Необходимо помнить, что Топоров был настоящим историком. Он сделал необычайно много и в сравнительно-историческом языкознании, и в фольклористике, и в литературоведении, и в истории религии и мифологии. Одна культура была ему особенно близка - индийская. Как Афанасий Никитин, профессор Топоров внимательно вглядывался в индоарийский культурный лик, различая в русской культуре именно эту компоненту, которая часто не видна с первого взгляда, заслоненная семитским библеизмом, варяжским германизмом и византийской античностью. Античность и индология также объединяли его с другом - Павлом Гринцером. Индоарийский мир - это колыбель компаративистики. Индоевропеистика началась с изучения санскрита. Профессор Топоров отдал много сил этой области исследований, а смежная с лингвистической мифологическая реконструкция стала еще одним делом его жизни. Одним из многих дел - Топоров был настоящим энциклопедистом. Он начал научную деятельность с переводов буддийских текстов, работы по индологии и индоевропеистике следовали одна за другой.

Его заслуга велика и в герменевтике русской культуры. Занимаясь славянскими древностями, он реконструировал древнейшие ее слои и этимологизировал к праславянским основам русские слова и понятия. В этой глубине и индийская, и русская культуры были соединены множеством культурных нитей. Лингвистика не была для Топорова математикой - это была история.

По-настоящему историчен его труд о русской святости. Святость, этимологически связанная со светом (svEnt) и с чистотой (hagios, Cmida), как нельзя лучше объединяет мифологичность и историю. В святости Топоров прозревал (именно в таком, почти пророческом ключе) избавление от диктата фатума, от тупой, безнадежной бесконечности. Он напишет позже о судьбе: "есть основания наметить и иное представление о судьбе, согласно которому она не более чем процесс суммации-интеграции неких прецедентов с постоянной оценкой промежуточных сумм по шкале соответствия определенным ценностям (да-нет, так-не так, правильно-неправильно и т.п.), позже переинтерпретированным как ценности морального характера; в этом смысле судьба не может быть сведена только к приговору: он только завершение длинного ряда "калькуляций" судьбы". Профессор Топоров видел то, что именуют судьбой, "в образе дирижера гигантского оркестра человеческих дел, слов, мыслей - всех видимых и невидимых ответов-реакций на вопросы-импульсы, исходящие от мира, от жизни, от самого человека, и, следовательно, понять самое судьбу как некое проективное пространство человеческой жизни, в котором она осмысляется, оценивается, судится".

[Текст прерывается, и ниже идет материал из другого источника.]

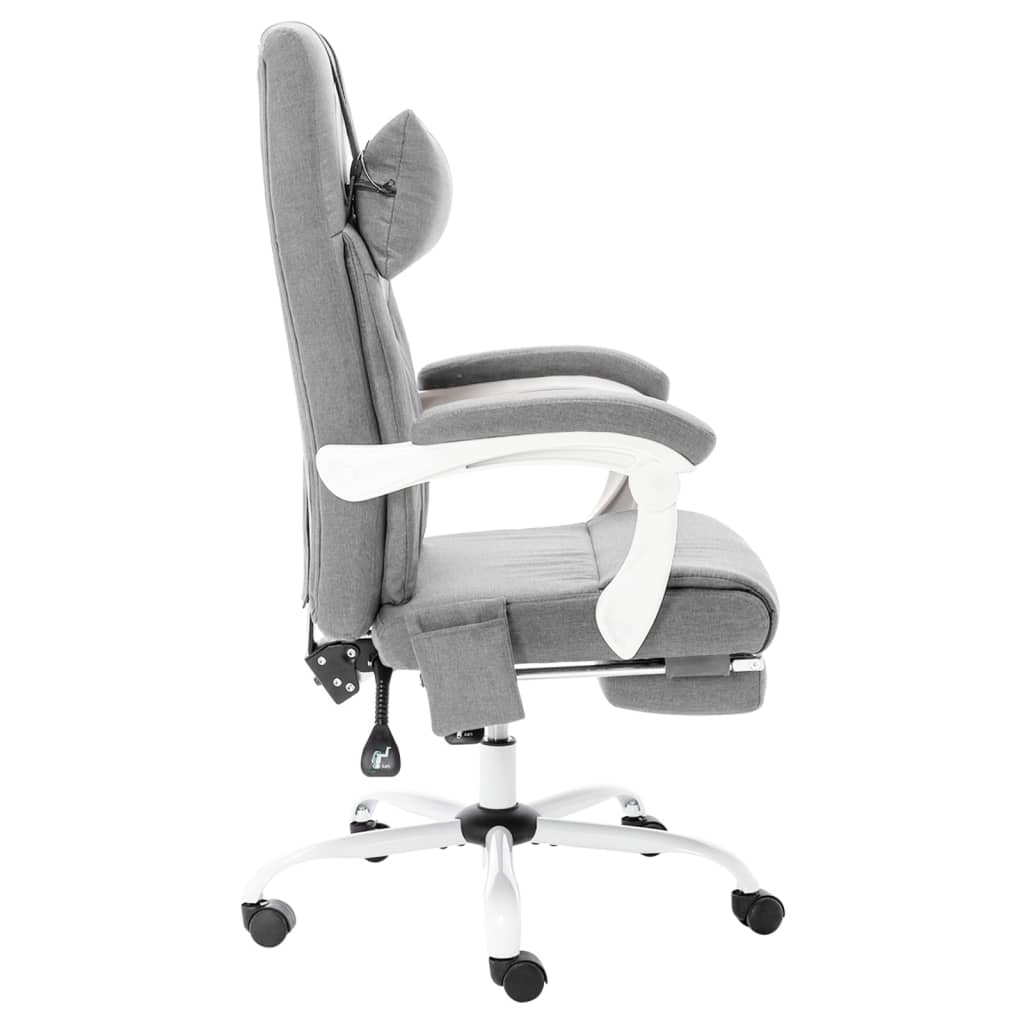 vidaXL Masažna uredska stolica od tkanine siva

Историко-мифологический метод дал профессору Топорову невероятное чувство интуиции, то, что Ревзин удачно назвал "тайным знанием" Топорова. В конце концов, хорошего ученого отличает от среднего или плохого интуиция.

В своей знаменитой статье о поэте В.Н.Топоров писал, что поэт следует технологии и потому выступает как делатель, кузнец, ткач... Таким кузнецом гуманитарной науки, вознесшим ее до поэтических высот был и сам Владимир Николаевич. Он был гораздо более синтетичен, чем М.Л.Гаспаров, но более аналитичен, чем С.С.Аверинцев, который восходил почти до мистических высот. В его интересе к семиотическому анализу была для него дверь в стихию синтеза, отрыв от компаративистской прагматики.

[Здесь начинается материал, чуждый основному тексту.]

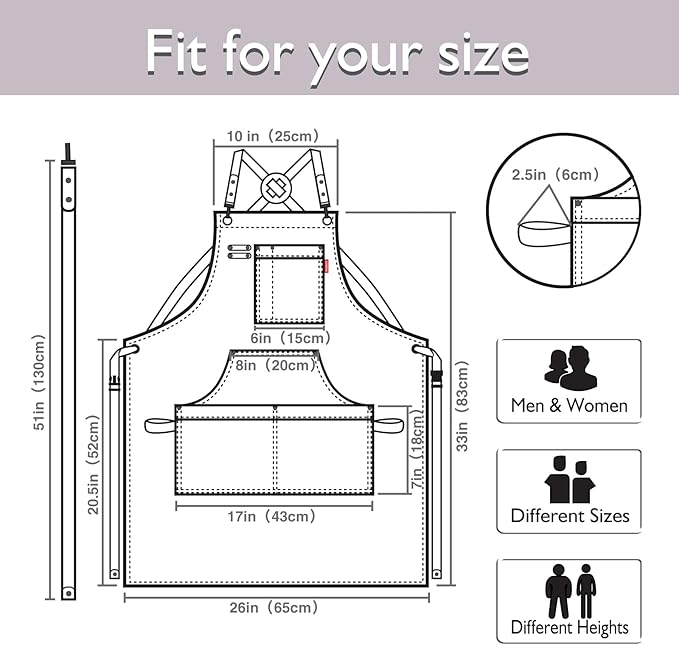 10 Pack Kitchen Aprons, Work Apron, Canvas, Multiple Pockets, Gardening, Painting, BBQ, Artist, Carpenter, Sizes M to XXL, Grey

Но в Топорове был и настоящий вкус к культуре. Не как к знаку, а как к жизни, именно в ее "суммирующе-интегрирующем" аспекте. Это позволяло ему свободно менять регистр от компаративистики до истории русской литературы XIX в.

В литературоведческой книге, посвященной М.Н.Муравьеву, Топоров напишет слова, которые можно в полной мере приложить и к нему: "он был человеком поразительного многообразия знаний, интересов, талантов... он, кажется, не имел в его время равных себе по универсализму, синтетическим дарованиям, по захваченности страстью познания и раскрывающейся перед его духовным взором картиной торжествующего знания, процветающей жизни, добродетели, нравственности. Вся его жизнь была одушевленным и одушевляющим порывом к благу, к свету, которые мыслились где-то совсем близко, рукой подать" (Из ист. Рус. Лит., т. 2, с. 17).

Именно так, мне кажется, надо сказать о самом Топорове: страсть познания синтезировалась в знание, а знание - в мудрость. Эпоха мудрецов прошла, и нам в удел остается аналитика. Дай Бог, чтобы уроки Топорова и его великих соратников пошли бы нам впрок.